▸ Problem to work on
Below are some entries. Repeat exactly the lines from the one with "A glitch when" through the one with "Amaru Hotel Copiapó Екстериор снимка", and only those.

▸ Data shown
-- -- --

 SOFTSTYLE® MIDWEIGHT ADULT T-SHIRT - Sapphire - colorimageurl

-- -- --

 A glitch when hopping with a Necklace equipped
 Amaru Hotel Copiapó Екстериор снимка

-- -- --

▸ Reply to the task
 A glitch when hopping with a Necklace equipped
 Amaru Hotel Copiapó Екстериор снимка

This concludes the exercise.